Bir Kurttan Bir Millete: Bozkurt Destanı
Efsanelerle yoğrulan Türk kimliğinin en eski anlatılarından biri: Bozkurt Destanı
Bozkurt Destanı Türk tarihinin en eski ve en bilinen mitolojilerinden biridir. Sadece Türklerin kökenini anlatmakla kalmaz onların bağımsızlığına olan düşkünlüğünü, cesaretini ve yeniden doğuşu temsil eder.
Bir Milletin Küllerinden Doğuşu
Anlatılan destana göre, Orta Asya'nın geniş bozkırlarında büyük bir Türk boyu yaşam sürerdi. Fakat bir gün büyük bir saldırıya uğrar ve bütün halk katledilir. Geriye yalnıca bir çocuk kalmıştır ki bu çocuk felaketin ortasında yeniden doğuşun ve bu olağanüstü efsanenin merkezinde olacaktır.

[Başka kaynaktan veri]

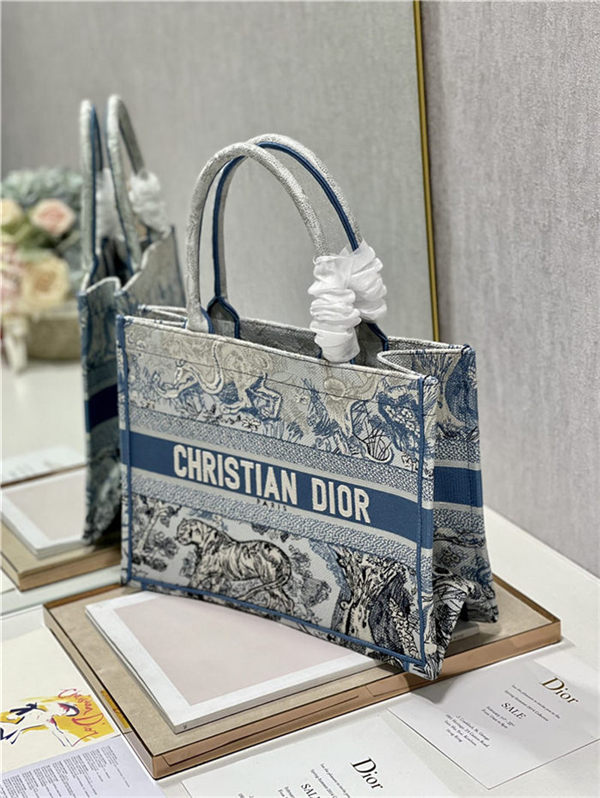 MEDIUM Dior BOOK TOTE Gradient Toile de Jouy Embroidery Blue High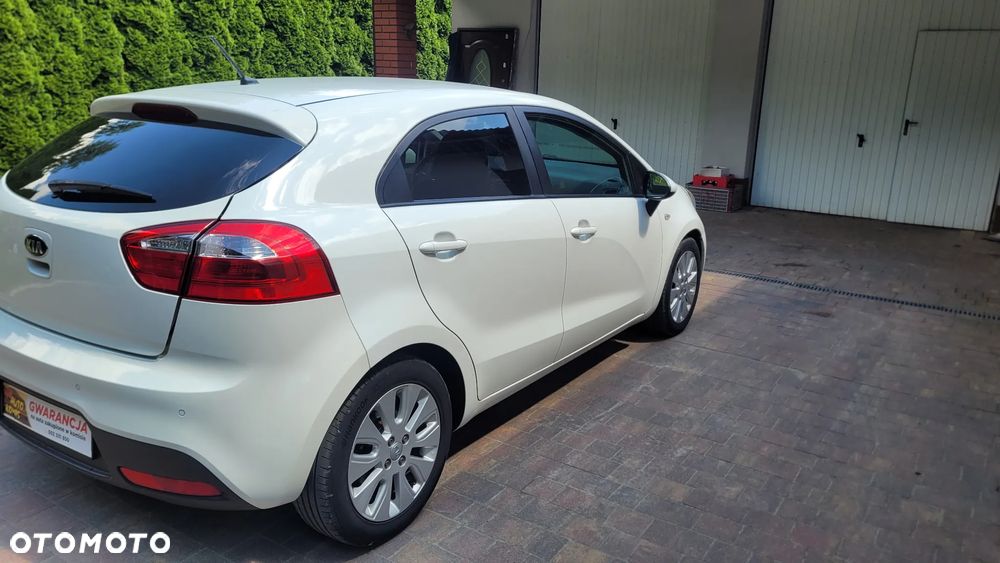 Kia Rio 1.4 Dream Team Edition - 4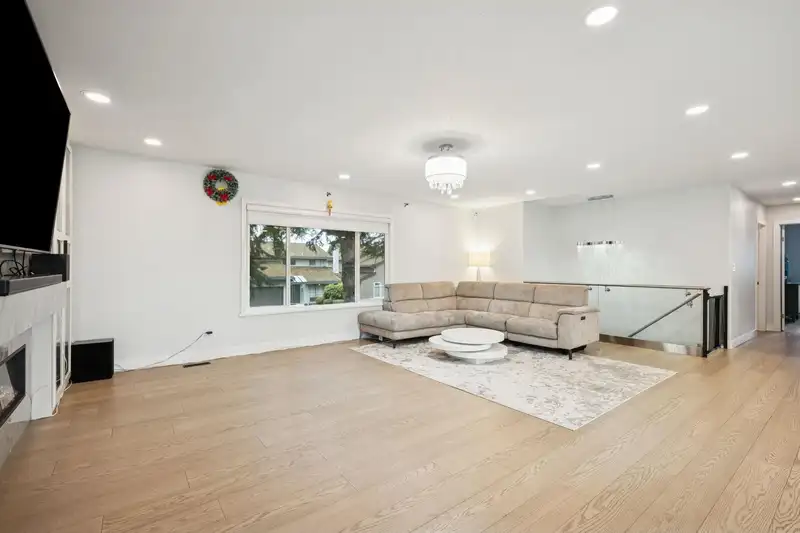 4811 LANCELOT DRIVE - photo 4 of 40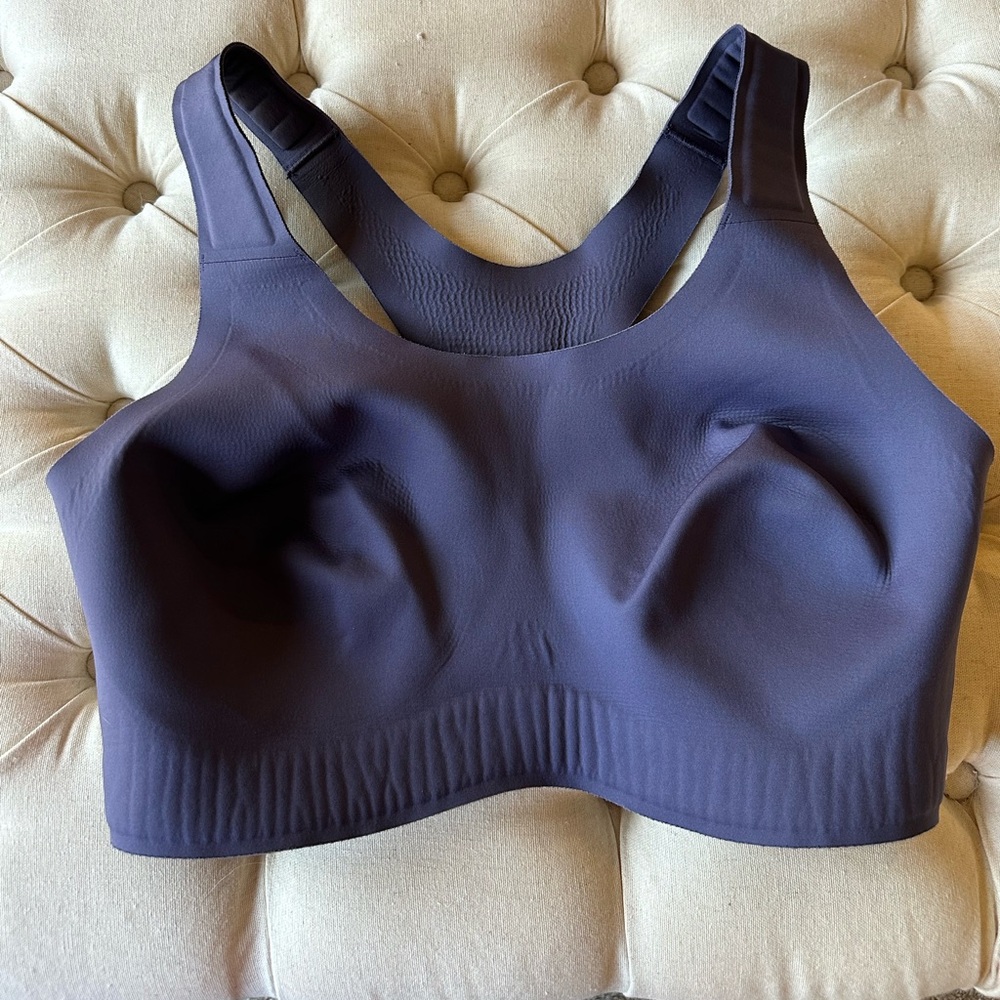 Lululemon Go Further Bra L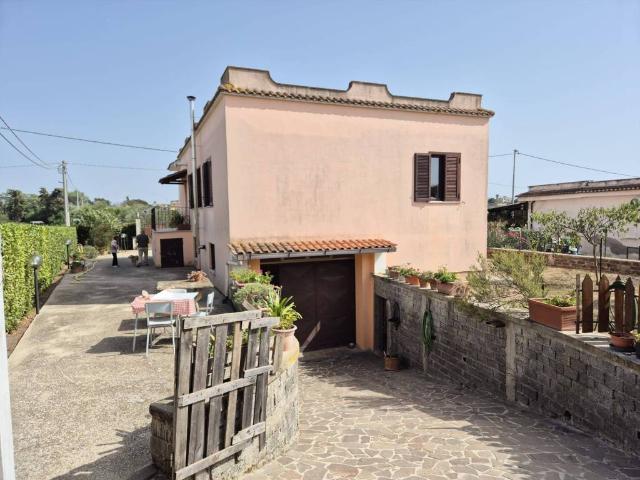 Villa in vendita a Aprilia LT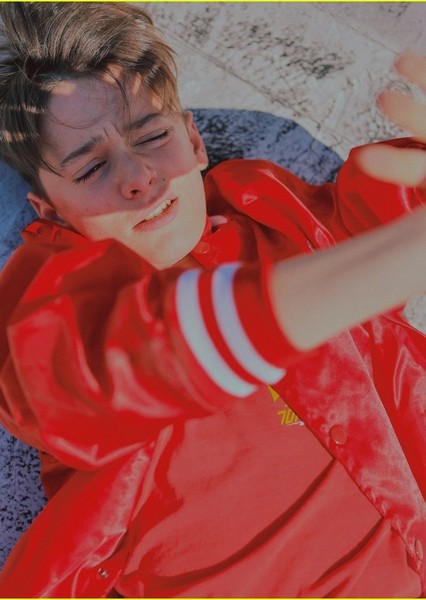Noah Schnapp photo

Dişi Kurttan Gelen Mucizevi Kurtuluş
Yıkımın ortasında kalan kanlar içindeki yaralı çocuk ne yapacağını bilemez halde dağların yamacına kadar sürünerek gider. Destana göre artık dayanma gücü kalmayıp tam ümidini kaybederken gökten inen bir dişi kurt ona ulaşır. Bu mucizevi kurt çocuğu sırtlayıp gözlerden uzak gizemli bir vadiye götürür. Efsaneye göre bu yer kimsenin yaşamadığı ve sadece Tanrı'nın görebildiği bir yerdi ve çocuk orada büyütüldü. Zaman geçtikçe dişi kurt ve çocuk arasında özel bir bağ oluştu ve bu bağdan 10 çocuk dünyaya geldi.
Bu on çocuğun her biri farklı bir erdemin temsilcisiydi: bilgelik, adalet, savaşçılık, sabır, cesaret, bağlılık, öngörü, sadakat, liderlik ve merhamet. Ve zamanla çoğaldılar ve her biri farklı yönlere dağıldı. Efsaneye göre bu on ocuktan biri de Asena' nın soyundan olan Bumin Kağan olarak tarih sahnesine çıktı.
Böylece Türkler için bozkurt figürü yalnızca bir kurt değil aynı zamanda o koruyucu bir ana, yol gösterici bir ruh ve yeniden doğuşun simgesi olmuştur.